Scope
The current implementation focuses on validating the core mechanics of Justly:- Human juries
- Economic incentives based on game theory
- Automated on-chain execution
- Fast and reliable dispute resolution for low-to-medium value conflicts
Supported Dispute Type
Public Adversarial Dispute The MVP supports public adversarial disputes between two parties:- Claimer: the party initiating the dispute
- Defender: the counterparty
- submit evidence,
- stake funds,
- and accept the outcome enforced by the protocol.
Dispute Lifecycle
Each dispute follows a deterministic, on-chain lifecycle:- Dispute Creation
A dispute is created by the claimer, specifying the counterparty and dispute parameters. - Funding & Evidence Submission
Both parties deposit the required stake and submit evidence (off-chain, referenced on-chain). - Juror Assignment
Jurors are selected and assigned to the dispute. - Commit Phase
Jurors commit their votes using a commit–reveal scheme. - Reveal Phase
Jurors reveal their votes. - Resolution & Execution
The protocol determines the winning side and automatically executes:- fund redistribution,
- juror rewards,
- and penalties.
Jurors
- Jurors are human participants selected through protocol-defined assignment.
- Identity and anti-Sybil layers are part of the broader roadmap.
- Jurors are pseudonymous to disputing parties.
- Jurors must stake funds to participate.
Matchmaking
Justly uses coordination mechanisms to improve liveness and operational reliability. This coordination is designed to:- reduce stalled or abandoned disputes,
- improve timing predictability for platforms and users,
- and adapt to available juror liquidity.
Voting & Security
- Voting is executed fully on-chain.
- A commit–reveal scheme is used to prevent vote manipulation.
- Roadmap: integrate Shutter’s API to support encrypted commit–reveal with automatic reveal.
- All state transitions and outcomes are verifiable on-chain.
Tiers
Roadmap: Justly introduces standardized dispute tiers. Current implementation: disputes are configured through courts/categories and dispute parameters. Each tier defines:- number of jurors,
- juror stake requirements,
- party stake requirements,
- fixed fees and protocol fees.
Economics
- Both disputing parties stake funds to participate.
- Jurors stake funds to vote.
- Jurors who vote coherently are rewarded.
- Jurors who vote against the final outcome lose their stake.
- The protocol charges a fixed fee per dispute and a percentage of the losing juror pool.
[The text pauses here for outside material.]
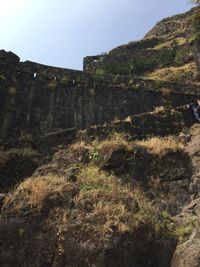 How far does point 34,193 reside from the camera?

Limitations of the Current Implementation
The following features are not included in the current implementation:- Appeals or dispute escalation
- Private disputes
- Rating or decision-based disputes
- Automatic reveal via Shutter API integration
Design Philosophy
The current implementation prioritizes:- correctness over completeness,
- reliability
- and enforceable outcomes over subjective mediation.